How I Write - Prof. Oliver Friggieri

Malta Independent Sunday, 25 October 2009, 00:00 Last update: about 14 years ago

Having dedicated all my life to writing I hope, although being Maltese, I can claim it is nothing less than a congenital compulsion, an innate urge beyond control. A human condition which has to be faced according to the diverse dictates of time. I have been committed to writing since I was 11 or 12. Since then I have never sought to change my job, and I consider myself lucky as my urge for writng and my academic job coincide. Since my early childhood I have never questioned whether writing was actually my main concern, and since the 1960s I have been writing and publishing without ever doubting that this was, and still is, my calling in life. The language in which I write is irrelevant to me.

There is a substantial difference between scientific research and creative writing. I have done both over a long period of time. I have conducted research out of a sense of duty, with the aim of constructing the literary history of Malta, in both Italian and Maltese. Creative writing is quite a different matter. Although I had to embark on literary research to justify my presence in the academic field, my main passion has been and still is poetry, which I think can be written both in its acknowledged form and much more in the narrative shape of a novel. The crude absurdity of life, I discovered, can be best expressed in the form of a novel. I have experienced this mainly in the process of writing Gizimin li qatt ma Jiftah, It-Tfal jigu bil-Vapuri and Dik id-Dghajsa f’Nofs il-Port.

Writing novels has been my main concern, and the most rewarding as well. When in 1995 I embarked on the writing of the book of memoirs Fjuri li ma jinxfux (Klabb Kotba Maltin, 2009), I was not at all aware that in the meantime I was to find myself somehow constrained to interrupt the writing of the memoirs, and to embark on novels. But so it happened. The novels I wrote since Gizimin li qatt ma Jiftah are all the offshoots of my commitment to memory, namely my decision to write Fjuri li ma Jinxfux, a true story which however is not very different from a novel.

When I was young I was obsessed with the idea of having to write a certain amount of words every day. As time went by I learnt that I was actually obliged to spend hours thinking, rather than writing. A novel may take years to come to fruition, but the longer part is taken up by thinking. The writing period has been, in my case, much shorter. My novels have taken more time to be thought out than to be actually written down. Mysteries of the trade.

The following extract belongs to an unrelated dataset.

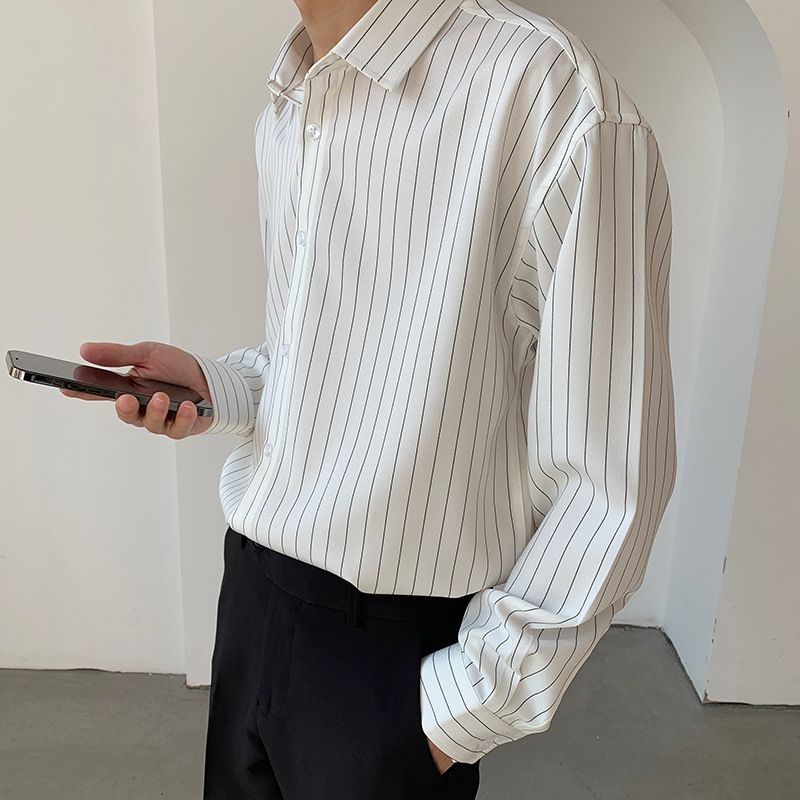 Abbigliamento da uomo Camicia casual a righe bianche e nere, da uomo, a maniche lunghe, elegante intimo, stiratura gratuita, camicia da uomo nera, primavera e autunno_voghion.com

It will be quite difficult for me to describe how I have spent my whole life writing. I have repeatedly tried to do otherwise, namely to stop writing, but it did not work. I have also stopped smoking, since smoking unfortunately accompanied my long years of daily writing, but again it did not work. I stopped smoking and am still writing. I know for sure I have to have a silent environment, a high degree of concentration, and, above all, a high degree of fear of what the blank page actully demands. Writing is equally easy and difficult. Good writing is an exception. It demands unity, conciseness, implication, and the beauty of sounds. I have always considered writing akin to music. A question of sounds conveying sense, expressing the real essence of literature: intensity.

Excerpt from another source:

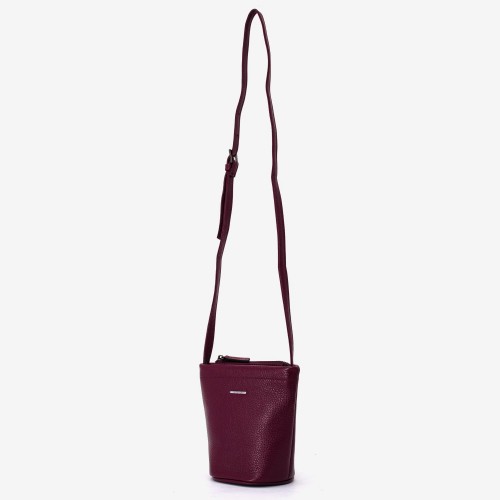 Geantă crossbody ENZO NORI model ALINE din piele naturală burgundy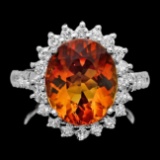 14k White Gold 5.00ct Citrine 1.05ct Diamond Ring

Most of my life has been dedicated to writing. Most of my years have been spent in front of my beloved typewriter, and eventually, in the company of a computer. But my real challenge has always been how to create something unique and marvellous out of average and common forms of discourse. My agelong battle with words has been a battle with myself. In writing in Maltese, Italian and English I have always understood that I was tackling a spiritual, inner challenge: silence. Writing is not conducted in Maltese, or in Italian or in English, etc. It is an act of defiance against inner silence.

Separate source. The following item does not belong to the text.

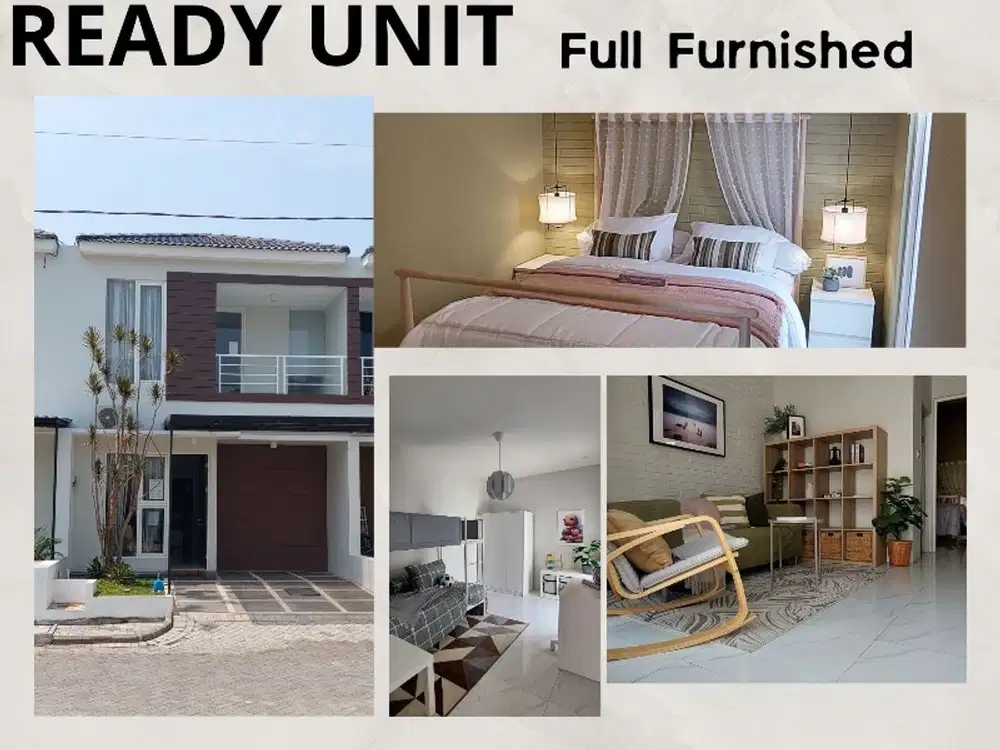 RUMAH BARU GRESS , SIAP HUNI FULL FURNISHED TANPA DP.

There are only two languages in our planet: utterance and silence. Different languages are just different sounds, efforts to express something which is unique. The more I write, whichever the language, the more I become convinced that inner truth is actually inexpressible, and that silence is the most eloquent language. All languages are poor and inadequate in regard of our innermost experiences, but writing tries to do what it can to break silence. I consider my long years dedicated to daily writing as just a feeble effort to express what, I know, is simply inexpressible. The only perfect language is silence, but this has to be expressed through writing. And so, writing is at least a worthy effort, however poor and unfaithful it may be.